Garson kızın dövmeleri göz alıcı biçimde boynundan koluna kadar uzanıyordu. Kırmızı saçları simsiyah rujuyla, gotik tarzın dibine vuruyordu. İçeceklerden birini seçerek Yeşil'in masasına bıraktı. Yeşil, adına yakışacak şekilde ince geometrik gümüş çerçeveli, yeşil camlı gözlüklerinin altından kızı süzdü. Kızda karşılık olarak göz kırpıp masadan uzaklaştı. Bu mekana uzun süre gelememe sebebi yine kız mevzusuydu. Geceyi geçirmiş olduğu kızın bir tanesi Yeşil'in niyetinde ciddi olduğunu düşünmüştü. Ertesi gün kız gerçeği anlayınca araya kızın abileri girmiş abileriyse şehrin önde gelen tefecilerdendi. Yani gerektiğinde zora başvurabilecek hatta adam öldürebilecek tipteydiler. Durum böyle olunca işin içinden kurtulması çok zordu.
Hesap geldi, hesabı garson kız değil, uzun boylu takım elbiseli bir adam getirmişti. Bu adam ekipten çok iyi tanıdığı Kırmızı kodlu Nahit'di. Yeşil gülerek ,umarım hesap kabarık değildir, dedi. Bunun üzerine Nahit istifini bozmadı en ufak tebessüm bile etmeden hesap defterini uzattı. Yeşil o an bir şeylerin ters gittiğini anlamıştı. Çünkü Kırmızı her zaman güler yüzlüydü. Dışarıya öyle yansıtıyordu ama içeride yatan cani adamı kimse bilmiyordu. Kırmızı, Kargaların yakalamış olduğu, bilgileri çok değerli insanları konuşturmak için görevliydi. Bazen bu kişiler konuşmamayı tercih ettiklerinde aslında çok yanlış bir seçim yapmış oluyorlardı. Kırmızı, işkence ederek konuştururken içeriden kahkahalar, çılgınca gülme sesleri gelirdi. Bu sesler Nahit'e aitti. Herkes işkence etmekten zevk aldığını sanırdı oysa ki çok yanılıyorlardı. Nahit tüm bunları kendi vicdanındaki çığlığı bastırmak için yapıyordu. Tabii kimse maalesef bunu göremiyordu.

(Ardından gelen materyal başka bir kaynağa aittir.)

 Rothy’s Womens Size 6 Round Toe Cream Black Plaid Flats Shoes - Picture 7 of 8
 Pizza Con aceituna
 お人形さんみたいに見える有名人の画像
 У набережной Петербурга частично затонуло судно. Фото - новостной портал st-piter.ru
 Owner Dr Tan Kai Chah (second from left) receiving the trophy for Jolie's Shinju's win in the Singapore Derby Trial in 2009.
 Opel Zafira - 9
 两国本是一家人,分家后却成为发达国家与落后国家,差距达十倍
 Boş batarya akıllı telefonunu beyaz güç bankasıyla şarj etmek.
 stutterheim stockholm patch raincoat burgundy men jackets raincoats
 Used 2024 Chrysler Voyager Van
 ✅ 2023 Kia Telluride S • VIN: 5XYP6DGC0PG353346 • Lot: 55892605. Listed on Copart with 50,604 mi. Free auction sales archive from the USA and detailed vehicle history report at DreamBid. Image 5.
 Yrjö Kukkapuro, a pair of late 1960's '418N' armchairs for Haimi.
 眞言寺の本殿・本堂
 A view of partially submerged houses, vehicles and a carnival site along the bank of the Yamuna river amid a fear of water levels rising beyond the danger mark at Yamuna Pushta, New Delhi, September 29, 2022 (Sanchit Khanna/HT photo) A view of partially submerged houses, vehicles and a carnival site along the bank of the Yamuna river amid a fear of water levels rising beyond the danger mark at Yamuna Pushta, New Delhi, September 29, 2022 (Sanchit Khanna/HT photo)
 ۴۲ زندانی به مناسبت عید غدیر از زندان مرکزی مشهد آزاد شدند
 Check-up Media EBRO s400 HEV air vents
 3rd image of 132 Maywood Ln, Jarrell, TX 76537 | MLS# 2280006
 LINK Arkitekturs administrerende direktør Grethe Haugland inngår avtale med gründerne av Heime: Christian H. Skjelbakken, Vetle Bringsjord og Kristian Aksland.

Hesap defterini yüzü asılmış bir biçimde açan Yeşil, okudukça yüzü karamsar ifadelere bürünüyordu. Yeşil heyecanla sordu.
"Sana geldiler mi ?"
"Evet geldiler, evime uğradılar."
"Sen ne yaptın peki ?"
"Yapmam gerekeni, dikkatli ol sıra sana gelebilir. Geldiğindeyse sende yapman gerekeni çekinmeden yap lütfen."
Yeşil sıkıntıyla elini başına götürdü.
"O zaman burayı da biliyorlardır." Nahit düşünceli bir şekilde cevap verdi.
"Sanmam çünkü burayı bir tek sen biliyorsun. Güvenlik için ekipteki diğer kişilere söylemedik hatırla! Takip edilmedin değil mi ?"
"Hayır tabi ki." Yeşil bu cevabı verirken Kırmızı'ya sinirlenmişti.
"Belli olmaz sana aklın bir karış havada. Daha fazla dikkat çekmeden güvenli bir yere git."
Yeşil, Nahit'in önerisini kafa sallayarak onayladı. Ayağa kalkıp üstünü başını düzeltti. Hiçbir zaman tavsiyeleri dinlemezdi. Takip edilmediğine de emindi. Nereden ve ne zaman saldıracaklardı acaba ? Kırmızı'nın dediği gibi aklı bir karış havadaydı belki ama beyninin içi kurnazca planlarla kaynıyordu. Akıllanmamış, her zamanki gibi tavsiyelere uymamış bir hafta önce konuşmaya başladığı kızın yanına gitmişti. Kızla barda karşılaşmıştı ve bu kız her nasılsa onunla tam bir uyum içindeydi. Ona bakınca Yeşil aynaya bakıyormuş gibi hissediyordu.
Yağmur yağdığı için yerler ıslaktı. Dar sokakta, yağmurdan dolayı ıslanmış olan otlar etrafa kötü sayılabilecek bir koku yayıyordu. Uzun kürklü ceketi çiçekli gömleği ile birliktelik sağlamıştı. Gözlüğü ve ağzındaki kürdanı onun imzası gibiydi. Herkes onu, bu tabirlerle anlatıyordu. Kızın evine az kalmıştı. Arada arkasına bakarak geldiği yolu gözlüyor böylelikle birilerinin izlemediğine emin oluyordu. Sonunda gelmişti. Zile bastı beklemeye başladı.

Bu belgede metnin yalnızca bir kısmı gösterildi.